A raw score x is converted into a standard score by

$$ z= \frac{x-\mu}{\sigma}  $$

where:

* μ is the mean of the population,
* σ is the standard deviation of the population.

In [None]:
stats.zscore(numeric_dataset)

In [None]:
# Removing outliers
dataset = dataset[(np.abs(stats.zscore(numeric_dataset)) < 9).all(axis=1)]
dataset.shape

**Feature engineering**

In [None]:
# Splitting genres column values
dataset["genres"] = dataset.genres.str.split("|")
dataset["genres"]

In [None]:
# Getting distinct categories
categories = set(dataset.genres.explode())
categories

In [None]:
# Encode each movie's classification
for cat in categories:
    dataset[cat] = dataset.genres.apply(lambda s: int(cat in s))
dataset.head()

In [None]:
# Drop genres column
dataset.drop("genres", axis=1, inplace=True)

**EDA on cleaned data**

In [None]:
f, axes = plt.subplots(4, 4, figsize=[15, 15])
plt.tight_layout(pad=0.4, w_pad=1.0, h_pad=1.0)
for n, col in enumerate(dataset.columns[0:16]):
    sns.regplot(x=col, y="imdb_score", data=dataset, ax=axes[n // 4, n % 4])

In [None]:
f, axes = plt.subplots(6, 4, figsize=[15, 15])
plt.tight_layout(pad=0.4, w_pad=1.0, h_pad=1.0)
for n, col in enumerate(dataset.columns[16:]):
    sns.barplot(x=col, y="imdb_score", data=dataset, ax=axes[n // 4, n % 4]).set_ylim(
        5,
    )
f.delaxes(axes[5, 2])
f.delaxes(axes[5, 3])

**Switching from regression to binary classification task**

In [None]:
print(np.median(dataset.imdb_score))
dataset["imdb_score"] = np.where(dataset["imdb_score"] >= 6.0, 1, 0)
dataset["imdb_score"].value_counts()

**Splitting data into train and test subsets**

In [None]:
X = dataset.drop("imdb_score", axis=1)
y = dataset["imdb_score"]
X_train, X_test, y_train, y_test = train_test_split(
    X, y, test_size=0.2, random_state=42
)

**Decision Trees**

From: [sklearn docs](https://scikit-learn.org/stable/modules/tree.html#tree-algorithms-id3-c4-5-c5-0-and-cart)
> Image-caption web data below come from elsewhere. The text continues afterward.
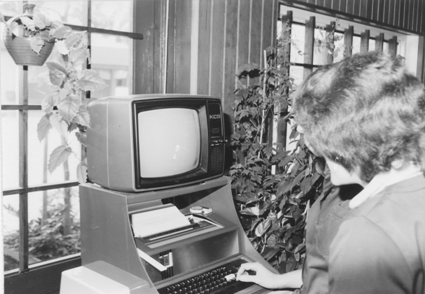 Eerste saloncomputer Eerste saloncomputer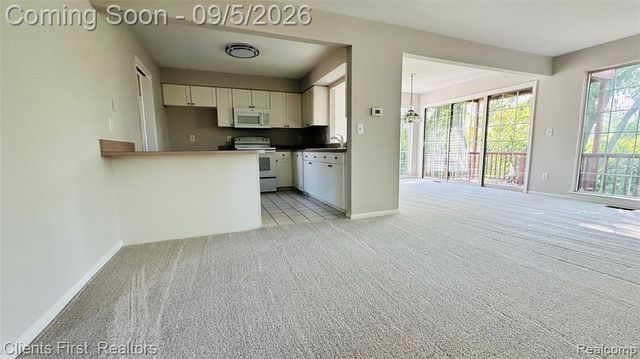 597 Winwood Circle, Walled Lake, MI 48390
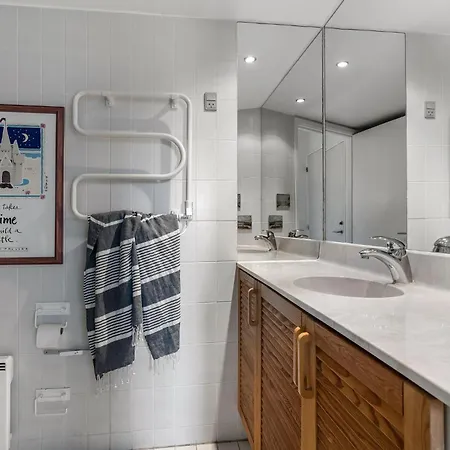 Daire Bad, Lejl 66 *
**ID3** (Iterative Dichotomiser 3) was developed in 1986 by Ross Quinlan. The algorithm creates a multiway tree, finding for each node (i.e. in a greedy manner) the categorical feature that will yield the largest information gain for categorical targets. Trees are grown to their maximum size and then a pruning step is usually applied to improve the ability of the tree to generalise to unseen data.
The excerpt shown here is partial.